PoS transition background
ECC previously shared our rationale for why we believe it’s in the best interest of current and future ZEC users to transition the protocol to proof of stake in the blog post Should Zcash transition from Proof of Work to Proof of Stake? and the Zcon3 presentation Motivations of Proof of Stake. In 2022, we published a high-level overview of our Proof-of-Stake Research approach, a more detailed Approach, Focus, and Next Steps companion post, and gave a Zcon3 presentation about high-level design challenges in Proof of Stake.
A proof-of-stake transition path
Our vision for a transition to proof of stake includes at least two major milestones:
- Moving Zcash from its current proof-of-work model to a hybrid PoW/PoS system.
- Moving Zcash from a hybrid PoW/PoS system to pure PoS.
Our primary motivation for proposing (at least) two steps is to minimize disruption of usability, safety, security, and the ecosystem during each step.
Design goals for a hybrid PoW/PoS system
ECC is refining the design of TFL with several goals in mind, and we’ll potentially be adding more as we continue to develop this proposal.

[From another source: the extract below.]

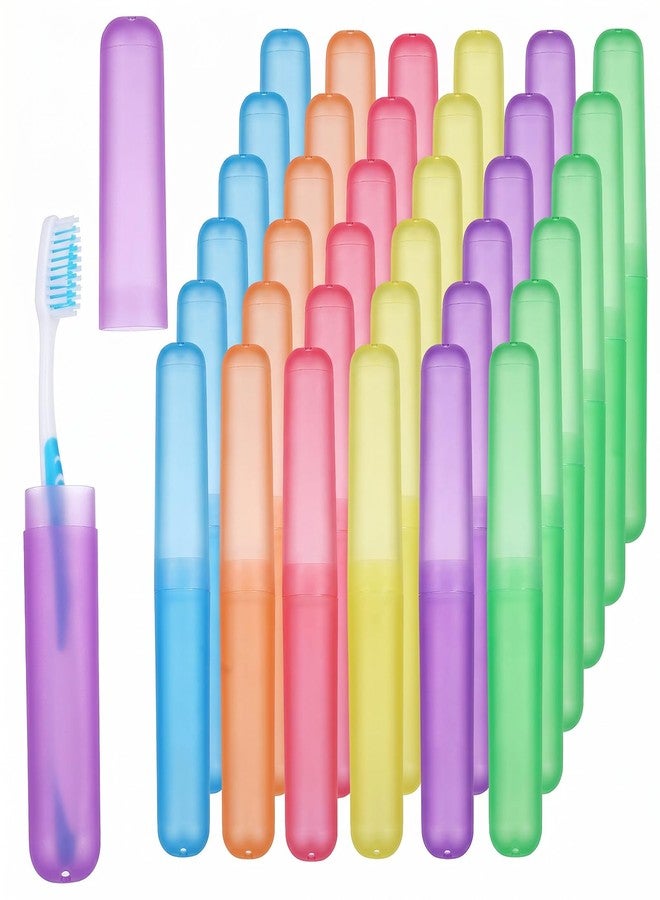 Caeuiciw 36 Pcs Travel Toothbrush Case Holder, Portable Toothbrush Storage, Classroom Pencil Case for Kids, 6 Assort Color Toothpaste Cover Protector for Travel Home School Use - Image 1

Currently:
- We want to minimize disruption to existing wallet use cases and UX. For example, nothing should change in the user flows for storing or transferring funds, the format of addresses, etc.
- We want to minimize complexity of security analyses by preserving existing analysis results where possible.

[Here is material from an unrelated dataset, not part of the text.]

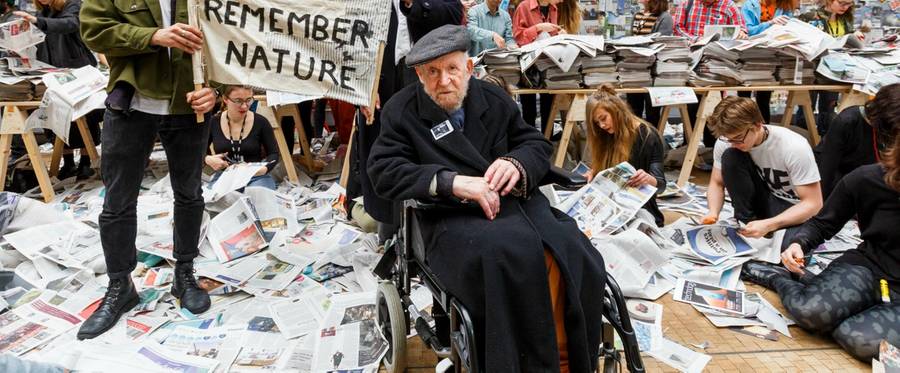 Students from Central Saint Martins respond to Gustav Metzger's worldwide call for a Day of Action to Remember Nature at Central St Martins in London, England, November 4, 2015.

- We want to enable new PoS use cases that allow mobile shielded wallet users to earn a return on delegated ZEC.
- We want to enable trust-minimized bridges and other benefits by providing a protocol with finality.

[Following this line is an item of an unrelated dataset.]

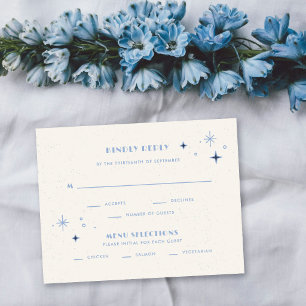 Blue Moon & Stars Celestial Wedding RSVP Card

- We want to improve the modularity of the consensus protocol. Modularity has several loosely defined and related meanings, e.g., it’s possible to understand some consensus properties only given knowledge of a component of the protocol, and it’s possible to implement consensus rules in modular code components with clean interfaces.
Trailing Finality Layer in a nutshell
The hybrid PoW/PoS protocol we envision at ECC is structured like today’s Zcash NU5 protocol with a new Trailing Finality Layer. We describe it as a layer, because the existing nodes and most of their logic will continue to operate largely as-is with minimal changes, while much of the new functionality will be provided by new, supplementary components and network protocols.
The left diagram shows the current Zcash network, with a detail that illustrates how two nodes are connected to each other within the context of the entire network. The right shows the addition of the TFL after deployment: Each node continues to have its original PoW component, but now has an additional TFL component. The PoW components still connect to each other, as before, and TFL components use distinct connections to other TFL components.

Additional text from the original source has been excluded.